Mental illness is a subject whose cinematic treatment is fraught with peril. Like terminal disease, it’s often used by actors as an excuse for a showy, Oscar-baiting performance. As it happens, “Keane” is an extremely actor-centric film about a man on the edge of his sanity, but it avoids that trap.
Damian Lewis’ turn as the title character is remarkably nuanced, offering surprises at every turn. Lodge Kerrigan’s direction reinvents neo-realist grit for contemporary America. Yet, for all the craft that went into it, “Keane” winds up a bit unsatisfying.
William Keane (Lewis) wanders around the Port Authority bus terminal in search of his six-year-old daughter. She’s been missing for months, but he thinks he still has some chance of finding her. Living off federal disability checks, he repeatedly returns to the scene of her abduction, spending his days revisiting the crime and his nights drinking, snorting coke, and having anonymous sex in nightclub bathrooms.

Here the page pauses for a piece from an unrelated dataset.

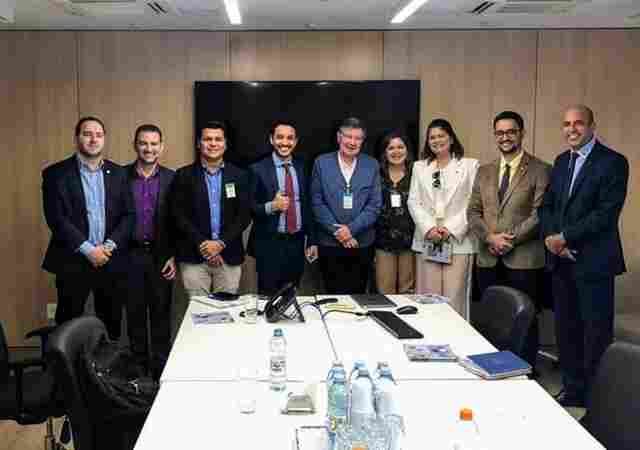 Cássia Muleta conhece hospital em SP construído em modelo Built to Suit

Keane stays at a motel in New Jersey and befriends Lynn (Amy Ryan), a poor young woman caring for a seven-year-old daughter, Kira (Abigail Breslin), and trying to reconnect with Kira’s father, who lives in Albany. Growing to trust Keane, Lynn lets him pick Kira up after school.
There’s one major thread running through Kerrigan’s slim body of work––an identification with marginalized people. Perhaps some of this stems from his own difficulty sustaining a career as a filmmaker, having made only three films in the past 11 years. His debut, “Clean, Shaven,” focused on a schizophrenic man. His excellent second film, “Claire Dolan,” was a very original portrait of a prostitute, brilliantly played by the late Katrin Cartlidge. Dolan is no happy hooker with a heart of gold, but neither is she a degraded victim in need of a man to rescue her.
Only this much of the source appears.